Before becoming a personal trainer, I was an engineer. Now and then I rediscover the slight inaccuracy in that statement. While I now work as a personal trainer, I am still very much an engineer. Sometimes that truth is a positive, while other times, like the past couple of days, it is less so.
I decided to spend Thursday finally launching my new ebook, Training Around Injuries: Home Exercises for Femoro Acetabular Impingement. I was so keen that I had Jim cover my clients at Custom Strength so that I could dig in and keep at it until I was done.
It started very well. I made a few minor edits and the ebook itself was finished (yay!), then I finished my launch plan and wrote some of the sales copy I would need. There’s no question that part would need more work as I proceeded, but I had sat on this for too long. It was time for a “Ready, Fire, Aim” approach, knowing I can make changes later as I have so much to learn about the launch process that it would be impossible for it to be perfect before I start. If that was the standard I would never start!
Next step – I went to put the product on clickbank, which is an on-line service that many people use to provide the back-end support for a sale. One of the first steps was to provide the link for the Thank You page. Of course – how rude to not thank someone after a purchase. Creating the website was on my list, so this just meant I was moving it up the list.
Here’s where the curse of the engineer reared it’s ugly head. There are three truths about engineers:
- If it’s a technical challenge we know how to do it, more or less.
- Because we know how to do it (more or less) we will do it instead of hiring someone who actually knows how to do it.
- User guide? Instructional videos?
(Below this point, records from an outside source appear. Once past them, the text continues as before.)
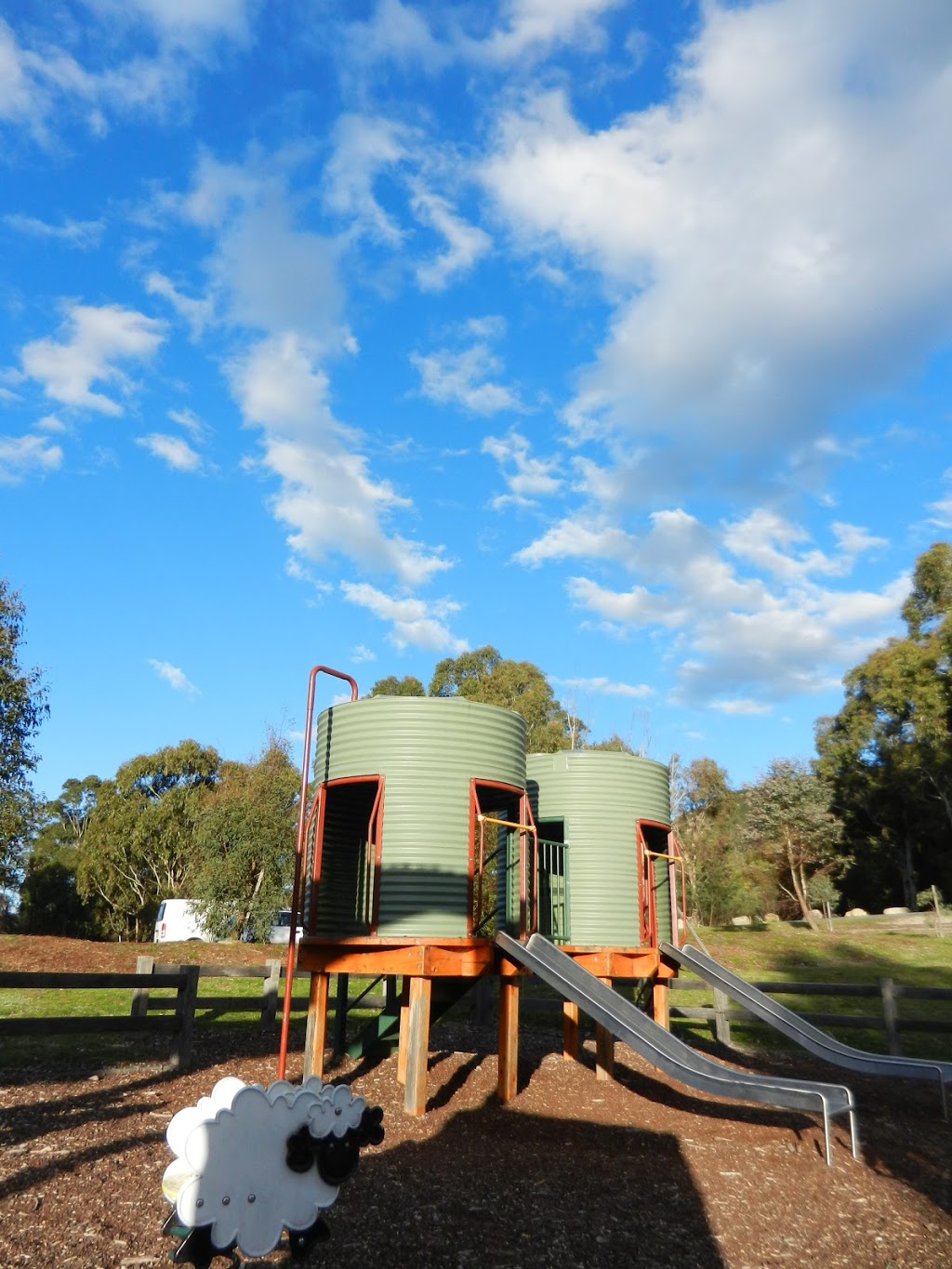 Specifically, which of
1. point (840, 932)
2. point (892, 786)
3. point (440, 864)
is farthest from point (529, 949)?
point (892, 786)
Those are for people who don’t know what they’re doing, and as noted above, engineers always know what they’re doing with technical stuff (more or less).
The second truth is particularly hard to overcome when doing something like installing a wordpress site where they claim that it can be done in something like five minutes.
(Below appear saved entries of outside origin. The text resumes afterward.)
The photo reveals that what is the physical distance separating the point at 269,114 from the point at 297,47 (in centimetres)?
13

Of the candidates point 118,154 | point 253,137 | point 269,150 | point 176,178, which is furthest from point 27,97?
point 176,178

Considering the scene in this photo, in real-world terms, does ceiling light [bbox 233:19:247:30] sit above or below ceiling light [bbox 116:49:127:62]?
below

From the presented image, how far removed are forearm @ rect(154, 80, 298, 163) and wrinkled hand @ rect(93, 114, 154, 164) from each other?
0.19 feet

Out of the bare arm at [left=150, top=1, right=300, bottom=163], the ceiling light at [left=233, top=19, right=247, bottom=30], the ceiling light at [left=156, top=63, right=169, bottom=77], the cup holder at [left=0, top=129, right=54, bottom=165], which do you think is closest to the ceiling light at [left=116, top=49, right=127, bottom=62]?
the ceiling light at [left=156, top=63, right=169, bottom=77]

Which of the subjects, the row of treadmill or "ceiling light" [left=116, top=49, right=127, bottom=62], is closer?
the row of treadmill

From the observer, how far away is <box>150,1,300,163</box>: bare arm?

It turns out it is possible to set up a wordpress site in a matter of minutes. The problem is that it will look like crap. No problem. I’ll just go grab a simple but sexy template and start writing the copy. Ha! As I discovered over the coming hours, none of the templates were what I wanted. This was the time I started to think about hiring someone to do the website for me. But of course I didn’t. Because as noted above, I am an engineer. As I write this post on Saturday around noon, the website still isn’t finished. But I’m this close. I don’t think I’ll calculate the economics of me spending all of this time on a website versus how much it would have cost me to hire it done. As an engineer I do like math, so ordinarily that would be a fun equation. But as an engineer I don’t like proving that I’m wrong, which inevitably that equation would do.
Those of you who are engineers or who are close to engineers: Does this sound familiar?
Former engineer too, and you’re spot on.